**WHAT TO PRODUCE:** From the first line to the last, repeat the data exactly and drop the pictures.

**INFORMATION SHOWN:**
BEGIN
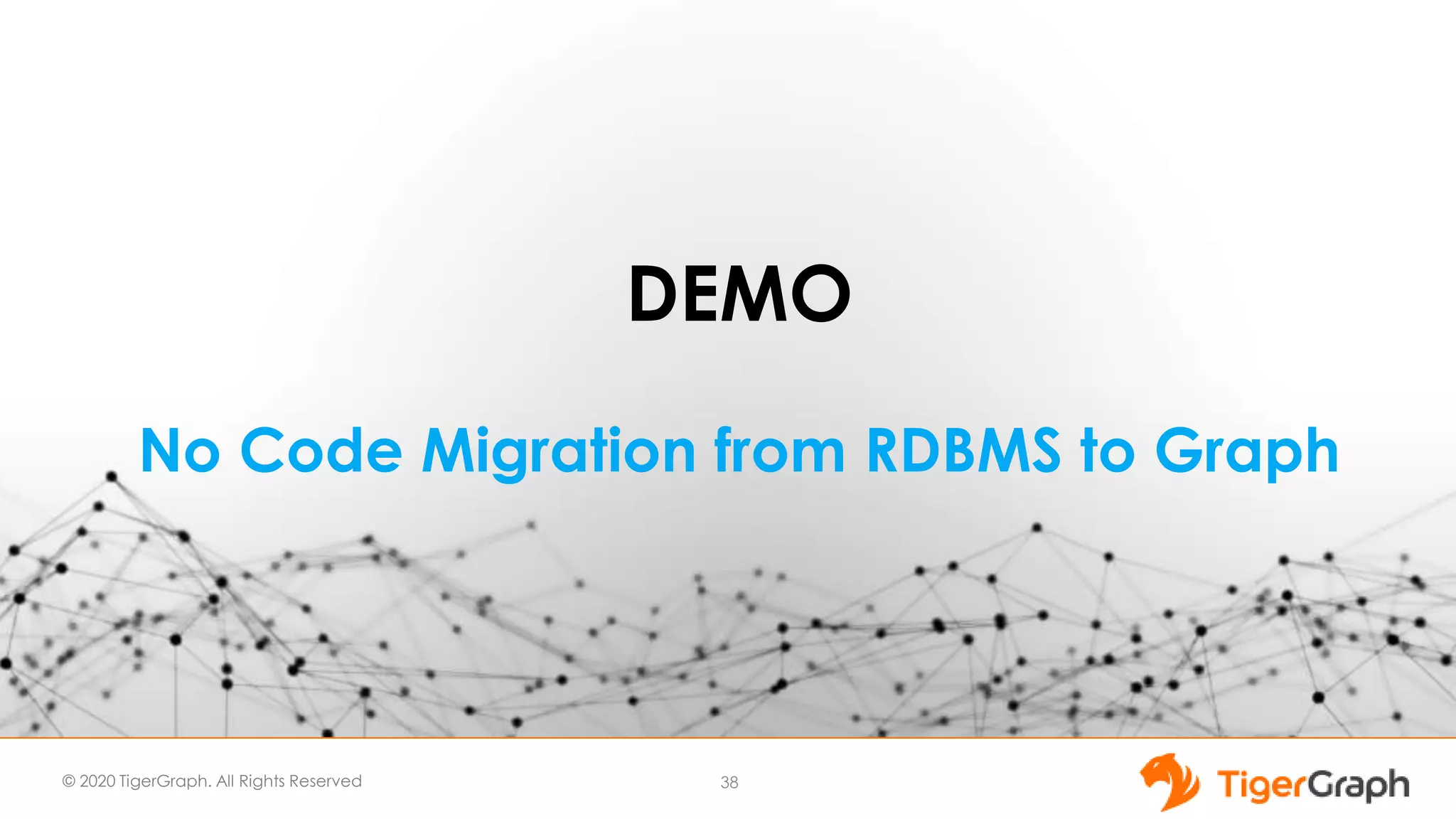 © 2020 TigerGraph. All Rights Reserved
DEMO
No Code Migration from RDBMS to Graph
38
END
**YOUR RESPONSE:**
 © 2020 TigerGraph. All Rights Reserved
DEMO
No Code Migration from RDBMS to Graph
38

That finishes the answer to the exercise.